I threw a few curveballs in there. The -d flag denotes the next string will be the value. We've kept things simple with the string pizza, declaring it as text with the proceeding line -H 'Content-Type:text/plain'. This defines the HTTP MIME type of this value as plain text. We could have set any value at all, be it XML or JSON---even an image or a video. Riak does not care at all what data is uploaded, so long as the object size doesn't get much larger than 4MB (a soft limit but one that it is unwise to exceed).

GET

The next command reads the value pizza under the type/bucket/key items/food/favorite.

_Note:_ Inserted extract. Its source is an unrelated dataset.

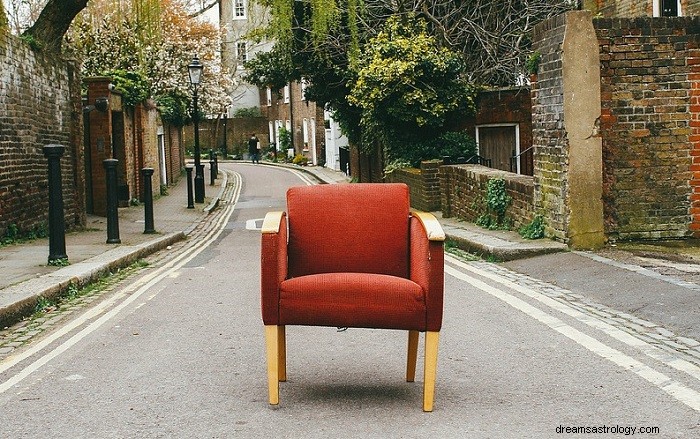 Chaise en rêve - Signification et symbolisme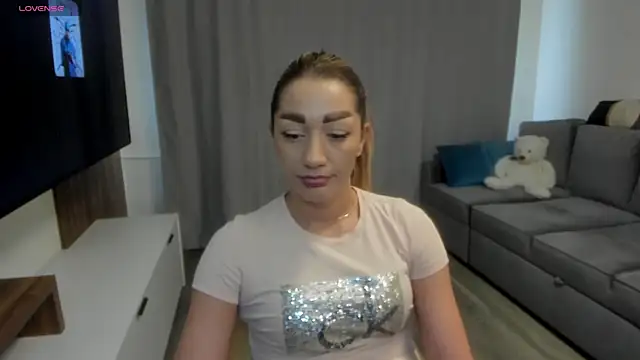 rossana_doll - Rossana_doll's free webcam - UK Sex Cams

curl -XGET "$RIAK/types/items/buckets/food/keys/favorite"
pizza

This is the simplest form of read, responding with only the value. Riak contains much more information, which you can access if you read the entire response, including the HTTP header.

In curl you can access a full response by way of the -i flag. Let's perform the above query again, adding that flag (-XGET is the default curl method, so we can leave it off).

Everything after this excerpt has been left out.